*** Available data Section Begins ***
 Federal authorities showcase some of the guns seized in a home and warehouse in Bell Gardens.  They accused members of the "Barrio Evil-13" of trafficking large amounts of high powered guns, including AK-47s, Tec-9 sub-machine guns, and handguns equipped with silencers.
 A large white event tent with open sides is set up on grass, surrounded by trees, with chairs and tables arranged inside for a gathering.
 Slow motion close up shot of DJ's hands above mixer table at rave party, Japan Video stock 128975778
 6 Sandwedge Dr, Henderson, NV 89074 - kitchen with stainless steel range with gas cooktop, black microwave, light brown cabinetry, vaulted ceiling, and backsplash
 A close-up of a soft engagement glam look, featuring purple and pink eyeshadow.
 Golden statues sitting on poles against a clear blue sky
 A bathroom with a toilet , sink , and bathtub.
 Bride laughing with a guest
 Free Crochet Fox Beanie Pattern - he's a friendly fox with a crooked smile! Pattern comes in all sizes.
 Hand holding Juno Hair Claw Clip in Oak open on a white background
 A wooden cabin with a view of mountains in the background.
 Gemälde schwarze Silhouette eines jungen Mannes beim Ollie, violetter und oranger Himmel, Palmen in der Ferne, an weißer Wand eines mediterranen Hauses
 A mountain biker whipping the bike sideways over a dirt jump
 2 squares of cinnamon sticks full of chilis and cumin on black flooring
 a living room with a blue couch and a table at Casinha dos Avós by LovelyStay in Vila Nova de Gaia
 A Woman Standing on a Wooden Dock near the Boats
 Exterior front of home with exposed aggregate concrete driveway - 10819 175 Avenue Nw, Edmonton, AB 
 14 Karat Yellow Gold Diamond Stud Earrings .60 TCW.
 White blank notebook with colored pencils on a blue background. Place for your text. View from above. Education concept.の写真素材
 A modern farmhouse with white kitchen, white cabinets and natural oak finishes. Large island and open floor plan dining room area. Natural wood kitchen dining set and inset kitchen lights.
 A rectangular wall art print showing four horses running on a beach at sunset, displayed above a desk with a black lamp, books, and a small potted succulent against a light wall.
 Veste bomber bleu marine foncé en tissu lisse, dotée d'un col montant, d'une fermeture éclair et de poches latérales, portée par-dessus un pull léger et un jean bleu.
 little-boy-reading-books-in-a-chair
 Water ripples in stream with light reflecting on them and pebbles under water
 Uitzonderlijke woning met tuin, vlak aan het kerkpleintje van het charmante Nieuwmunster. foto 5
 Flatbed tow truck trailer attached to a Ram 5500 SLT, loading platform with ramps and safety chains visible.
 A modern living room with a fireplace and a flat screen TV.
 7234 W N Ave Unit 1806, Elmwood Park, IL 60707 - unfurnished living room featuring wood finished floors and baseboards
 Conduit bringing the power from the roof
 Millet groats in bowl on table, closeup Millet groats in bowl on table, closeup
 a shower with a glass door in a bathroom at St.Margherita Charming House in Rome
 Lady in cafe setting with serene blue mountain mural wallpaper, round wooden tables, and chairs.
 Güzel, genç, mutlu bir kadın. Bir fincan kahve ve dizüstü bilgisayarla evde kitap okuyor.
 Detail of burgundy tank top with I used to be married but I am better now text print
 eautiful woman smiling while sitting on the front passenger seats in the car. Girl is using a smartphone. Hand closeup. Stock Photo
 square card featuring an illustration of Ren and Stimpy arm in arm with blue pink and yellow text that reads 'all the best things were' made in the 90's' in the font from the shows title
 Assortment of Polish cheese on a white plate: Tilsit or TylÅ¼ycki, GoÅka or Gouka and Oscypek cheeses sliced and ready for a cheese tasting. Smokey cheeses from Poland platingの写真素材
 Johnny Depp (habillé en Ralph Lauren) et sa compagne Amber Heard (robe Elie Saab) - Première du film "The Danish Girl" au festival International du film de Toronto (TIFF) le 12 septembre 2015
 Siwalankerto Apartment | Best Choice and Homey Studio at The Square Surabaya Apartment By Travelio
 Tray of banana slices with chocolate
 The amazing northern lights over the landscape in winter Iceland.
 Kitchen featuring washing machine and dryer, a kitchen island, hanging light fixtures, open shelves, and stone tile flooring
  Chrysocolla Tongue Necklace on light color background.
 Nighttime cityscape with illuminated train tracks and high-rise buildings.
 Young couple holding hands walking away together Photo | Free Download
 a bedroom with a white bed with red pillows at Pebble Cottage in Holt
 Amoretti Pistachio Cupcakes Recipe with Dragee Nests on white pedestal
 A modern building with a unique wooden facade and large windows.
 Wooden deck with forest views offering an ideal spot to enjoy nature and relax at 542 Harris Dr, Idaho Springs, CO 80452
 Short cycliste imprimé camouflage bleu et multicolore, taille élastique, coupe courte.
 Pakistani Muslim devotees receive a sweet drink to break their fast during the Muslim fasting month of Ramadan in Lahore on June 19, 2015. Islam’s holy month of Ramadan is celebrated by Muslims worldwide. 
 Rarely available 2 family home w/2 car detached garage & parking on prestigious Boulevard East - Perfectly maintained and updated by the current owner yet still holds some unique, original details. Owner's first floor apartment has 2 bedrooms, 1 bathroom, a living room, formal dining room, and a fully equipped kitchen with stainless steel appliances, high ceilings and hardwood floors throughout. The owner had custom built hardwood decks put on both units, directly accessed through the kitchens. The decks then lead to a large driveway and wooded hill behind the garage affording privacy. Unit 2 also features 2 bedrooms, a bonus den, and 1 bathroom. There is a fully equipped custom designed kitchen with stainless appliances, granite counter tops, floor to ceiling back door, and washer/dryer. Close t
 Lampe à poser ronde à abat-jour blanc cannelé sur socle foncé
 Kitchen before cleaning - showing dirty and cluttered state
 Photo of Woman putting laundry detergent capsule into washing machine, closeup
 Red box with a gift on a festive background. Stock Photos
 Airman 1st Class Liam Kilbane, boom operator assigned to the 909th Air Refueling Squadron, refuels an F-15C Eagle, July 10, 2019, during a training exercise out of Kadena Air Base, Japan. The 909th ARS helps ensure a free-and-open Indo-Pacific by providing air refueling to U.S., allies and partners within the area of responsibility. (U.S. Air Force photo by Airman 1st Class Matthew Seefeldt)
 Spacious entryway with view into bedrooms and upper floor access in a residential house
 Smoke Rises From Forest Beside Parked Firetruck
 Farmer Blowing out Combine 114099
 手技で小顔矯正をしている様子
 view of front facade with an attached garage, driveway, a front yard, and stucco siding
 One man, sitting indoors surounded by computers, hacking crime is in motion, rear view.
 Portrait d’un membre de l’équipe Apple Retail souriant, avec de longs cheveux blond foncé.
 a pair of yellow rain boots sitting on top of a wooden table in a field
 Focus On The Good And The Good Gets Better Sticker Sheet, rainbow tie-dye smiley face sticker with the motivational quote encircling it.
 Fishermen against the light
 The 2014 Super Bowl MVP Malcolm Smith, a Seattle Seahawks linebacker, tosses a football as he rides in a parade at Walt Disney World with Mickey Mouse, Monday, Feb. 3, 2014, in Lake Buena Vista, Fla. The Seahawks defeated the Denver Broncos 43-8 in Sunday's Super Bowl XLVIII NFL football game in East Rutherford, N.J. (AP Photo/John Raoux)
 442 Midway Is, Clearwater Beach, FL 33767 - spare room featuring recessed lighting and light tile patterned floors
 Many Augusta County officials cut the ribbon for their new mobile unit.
*** Available data Section Ends ***
Exercise goal:
Every line that contains the string "motion" should be copied from the entries.

Written solution:
 Slow motion close up shot of DJ's hands above mixer table at rave party, Japan Video stock 128975778
 One man, sitting indoors surounded by computers, hacking crime is in motion, rear view.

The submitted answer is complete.